Stwierdzane przez Państwową Inspekcję Sanitarną i Inspekcję Handlową nieprawidłowości są przekazywane szpitalom w formie pism intencyjnych. Również Narodowy Fundusz Zdrowia nie dysponuje właściwymi instrumentami do oceny jakości żywienia w szpitalach w ramach kontroli i monitorowania realizacji umów o udzielanie świadczeń opieki zdrowotnej – podkreśla RPO

W tym stanie rzeczy wyżywienie pacjentów szpitali od lat pozostaje nierozwiązanym problemem ochrony zdrowia, na co wskazują listy obywateli do RPO oraz doniesienia mediów. W ocenie Najwyższej Izby Kontroli z 2018 r, żywienie pacjentów w szpitalach w żadnym stopniu nie poprawiło się w porównaniu z kontrolą NIK z 2008 r.. Także najnowszy raport Polskiego Towarzystwa Żywienia Pozajelitowego, Dojelitowego i Metabolizmu wskazuje na niedociągnięcia w zakresie żywienia pacjentów, m.in. na niedożywienie.
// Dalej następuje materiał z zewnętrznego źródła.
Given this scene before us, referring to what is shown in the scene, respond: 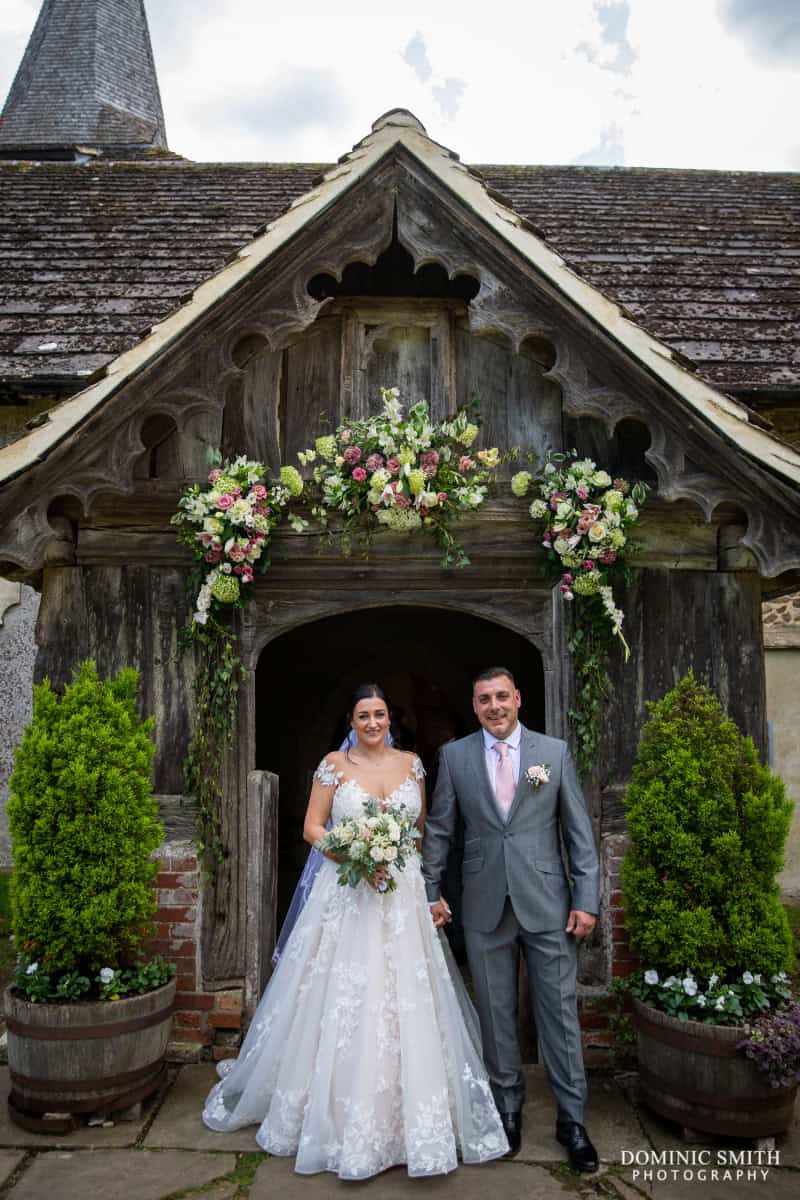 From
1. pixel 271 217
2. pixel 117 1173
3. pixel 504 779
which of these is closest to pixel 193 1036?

- Konkludując, poprawa jakości żywienia pacjentów szpitali wymaga rozwiązań systemowych w celu nadania problematyce żywienia pacjentów odpowiedniej rangi oraz zapewnienia właściwego standardu żywienia - pisze rzecznik do ministra. O skuteczności leczenia pacjentów w szpitalach decyduje bowiem nie tylko właściwie prowadzony proces leczniczy, ale także prawidłowe żywienie chorych oraz edukacja żywieniowa. Żywienie pacjentów towarzyszy procedurom medycznym i jest integralną częścią procesu leczniczego, a zatem w swych założeniach powinno być zgodne z zasadami prawidłowego żywienia.

Dlatego Adam Bodnar ponownie poddał ministrowi pod rozwagę uregulowanie problemu.